* [DATA EXCERPT]

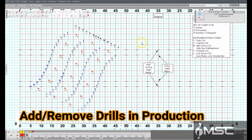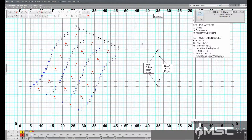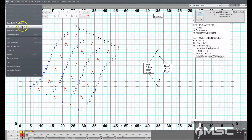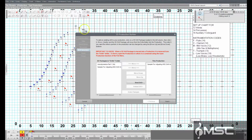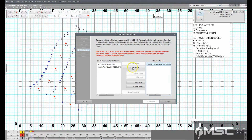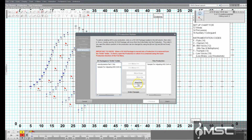File, add, remove drills in production. When a production is opened, you can change which files are in the production with this function. You can also create a new drill or create a continuation drill of an existing drill in the production. This is handy when you have finished one drill and want to move on to the next.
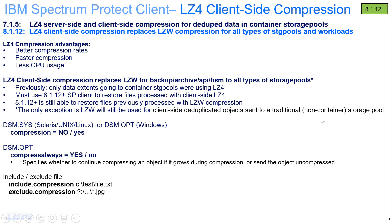LZ4 client-side compression is now replacing LZW for all types of workloads, whether it's your backup, archive, incremental or selective backup, or whether it's utilizing our APIs or HSM clients.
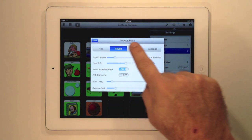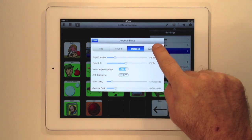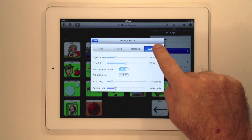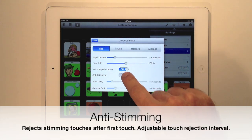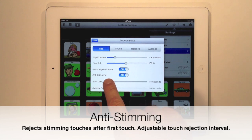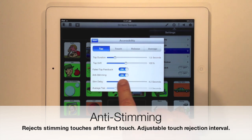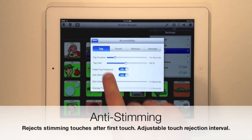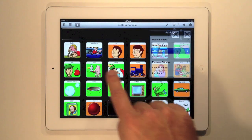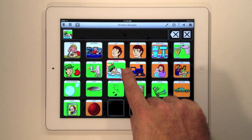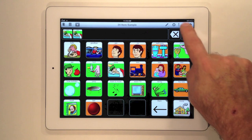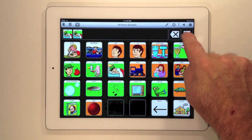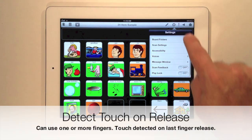Anti-stemming works by rejecting taps during a specified time period. You can adjust this time period between a half and eight seconds. After the initial tap, any tap made during this time span is rejected as a stimming tap. You can adjust this value to what you need to best accommodate your child or student.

* [ABOUT THIS EXERCISE] With the pictures omitted, the material is to be transcribed exactly.

* [WRITTEN SOLUTION]
File, add, remove drills in production. When a production is opened, you can change which files are in the production with this function. You can also create a new drill or create a continuation drill of an existing drill in the production. This is handy when you have finished one drill and want to move on to the next.
LZ4 client-side compression is now replacing LZW for all types of workloads, whether it's your backup, archive, incremental or selective backup, or whether it's utilizing our APIs or HSM clients.
Anti-stemming works by rejecting taps during a specified time period. You can adjust this time period between a half and eight seconds. After the initial tap, any tap made during this time span is rejected as a stimming tap. You can adjust this value to what you need to best accommodate your child or student.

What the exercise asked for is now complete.